- Born: Saad bin Osama bin Muhammad bin 'Awad bin Laden 1979 Jeddah, Saudi Arabia
- Died: 2009 (aged 29–30) Pakistan
- Military career
- Allegiance: Al-Qaeda
- Conflicts: War on terror War in Afghanistan; War in North-West Pakistan;

= Saad bin Laden =

Saudi terrorist, Osama bin Laden's son (1979–2009)

DIN (سعد بن أسامة بن محمد بن عوض بن لادن; 1979 – 2009), better known as Saad bin Laden, was one of Osama bin Laden's sons. While it was alleged by western sources that he was active in al-Qaeda, and was being groomed to be his heir apparent, these claims have been debunked by later information which has emerged. He was killed in an American drone strike in 2009. The U.S. said they were not specifically targeting him.

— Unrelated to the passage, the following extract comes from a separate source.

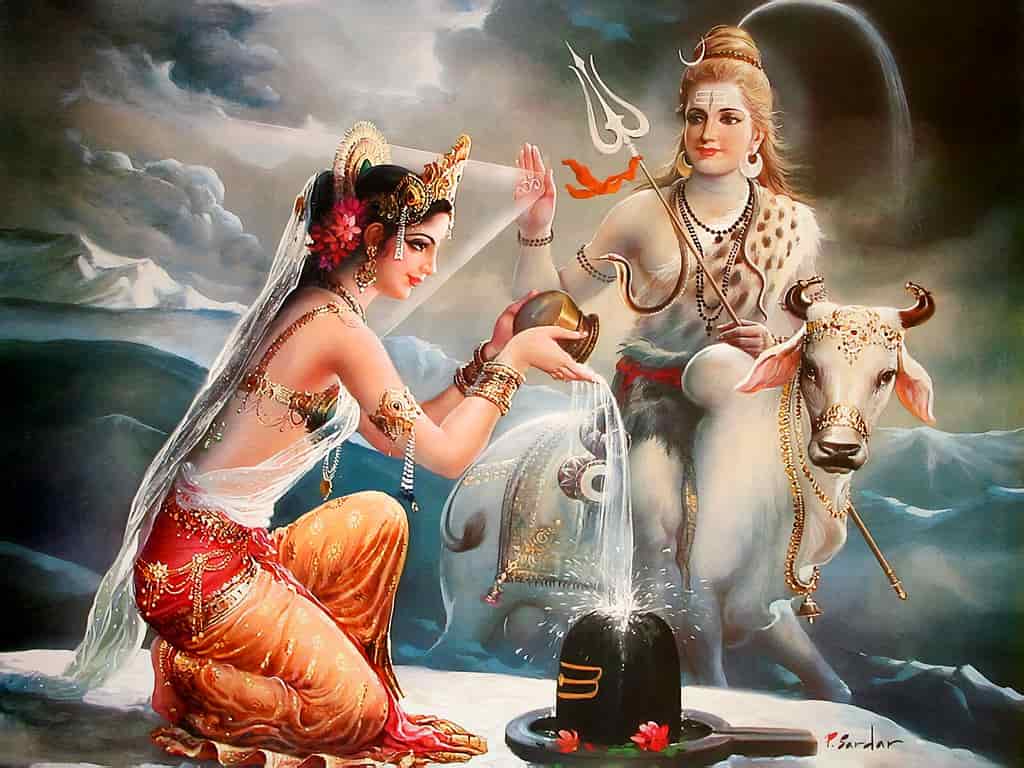 Hartalika Teej 2024 हरतालिका तीज महिलावो के लिये क्यों जरुरी Our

Later his father was killed (and other al-Qaeda members); and even later another son of his was allegedly killed, Hamza bin Laden (though unconfirmed 2024 media reports dispute that).

==Life==
Born in 1979 in Jeddah, to the wealthy Bin Laden family. His paternal grandmother is a Syrian national called Hamida al-Attas. An irrepressible chatterbox who sometimes blurted out intimate personal information, Saad was somewhat autistic, impulsive, unrestrained, anxious, easily confused, and thus completely unfit for clandestine action. With all of Osama's other children, Saad accompanied Osama on his exile to Sudan from 1991 to 1996, and then to Afghanistan. In Sudan in 1998, he married Wafa', a Sudanese woman born of Yemeni parents.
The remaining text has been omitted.